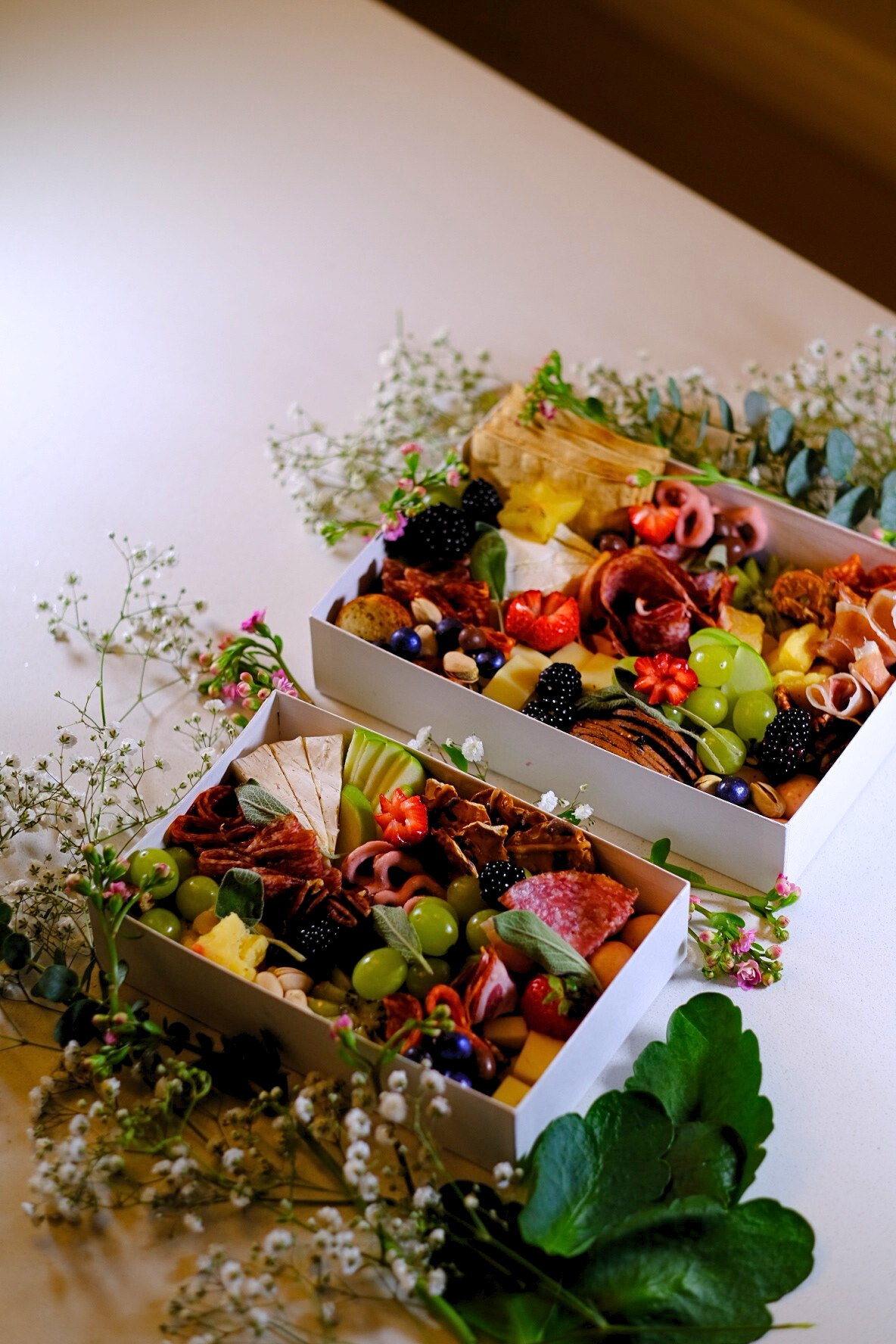 Two boxes of assorted charcuterie and cheese, garnished with fresh grapes, berries, and herbs, placed on a decorated table.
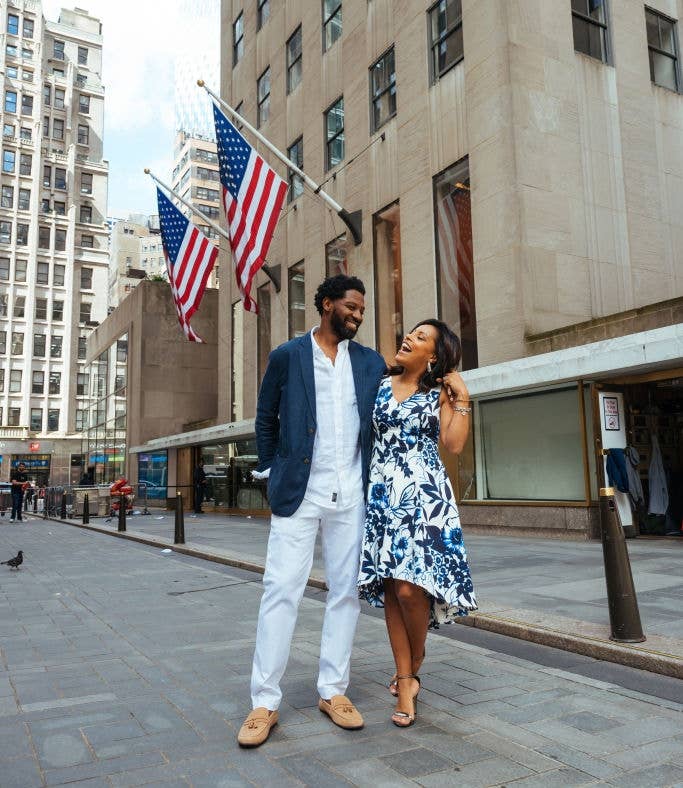 A couple stands on a city street, smiling at each other. The man wears a blazer and white pants, and the woman wears a floral dress. American flags are in the background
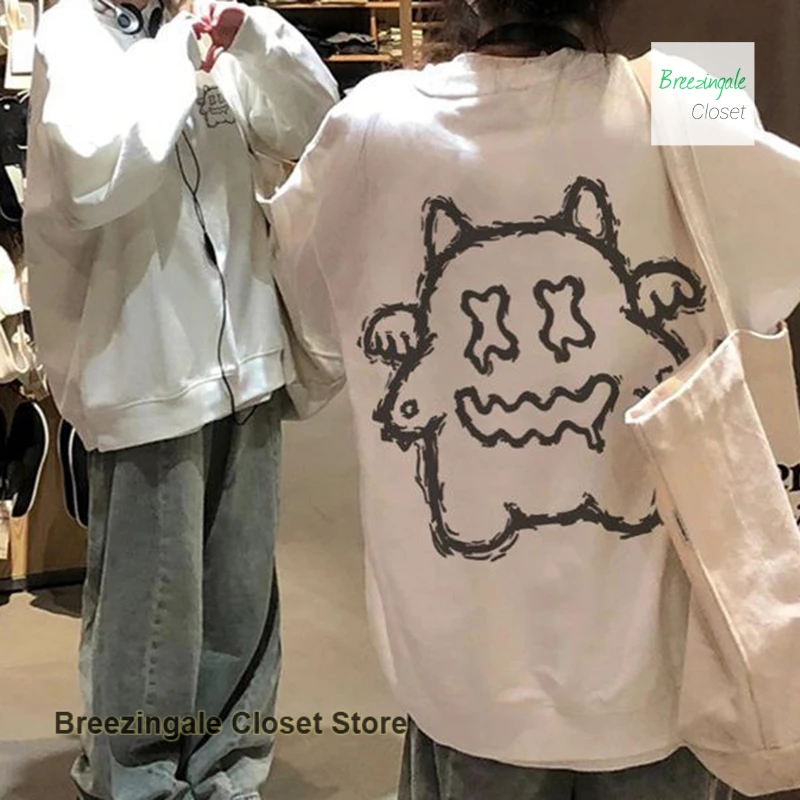 American-style cartoon little devil pattern hooded sweater white coat female spring and autumn loose fashion Joker casual top.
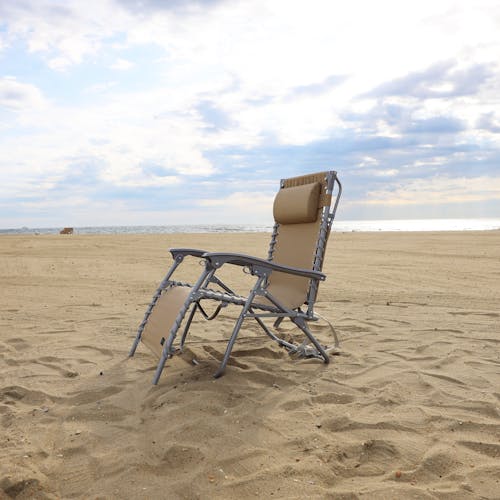Taupe beach recliner on the sand.
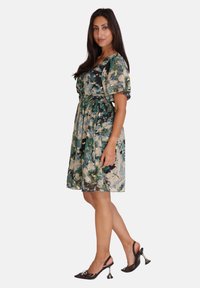 Robe fleurie dans des tonalités de vert, crème et bleu, avec une taille cintrée, des manches courtes et une longueur arrivant au genou. Portée avec des escarpins noirs à brides.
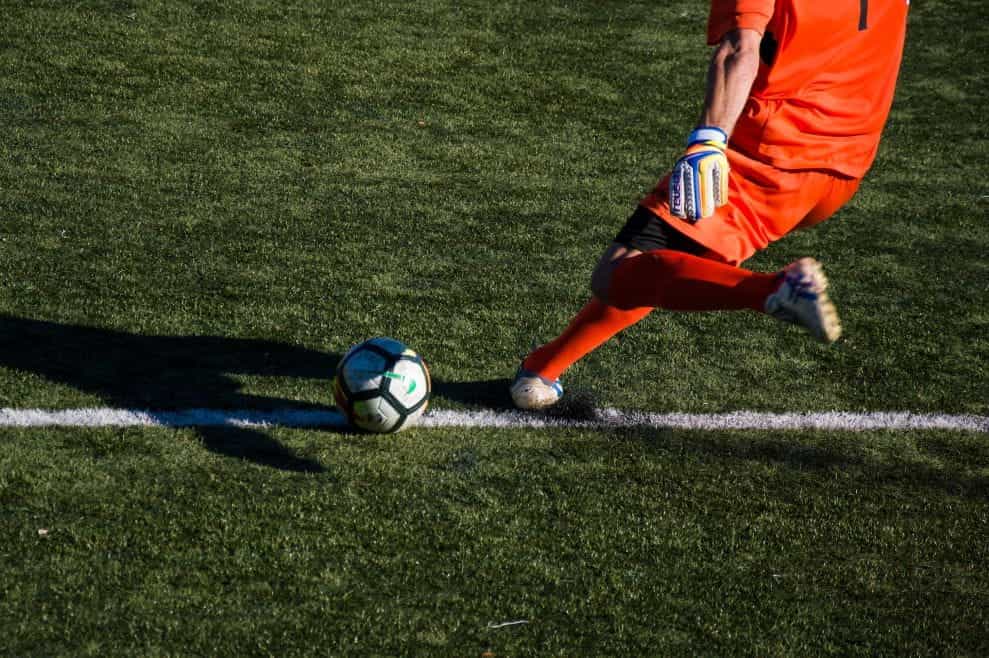 Seorang pemain sepak bola berseragam oranye bersiap untuk menendang bola di lapangan hijau.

——

### WORK TO COMPLETE
For this exercise, please set down exactly the lines of the listing above from the line with "American-style cartoon little" up to and including the line with "Robe fleurie dans", and no pictures.

### RESPONSE TO THIS EXERCISE
 American-style cartoon little devil pattern hooded sweater white coat female spring and autumn loose fashion Joker casual top.
Taupe beach recliner on the sand.
 Robe fleurie dans des tonalités de vert, crème et bleu, avec une taille cintrée, des manches courtes et une longueur arrivant au genou. Portée avec des escarpins noirs à brides.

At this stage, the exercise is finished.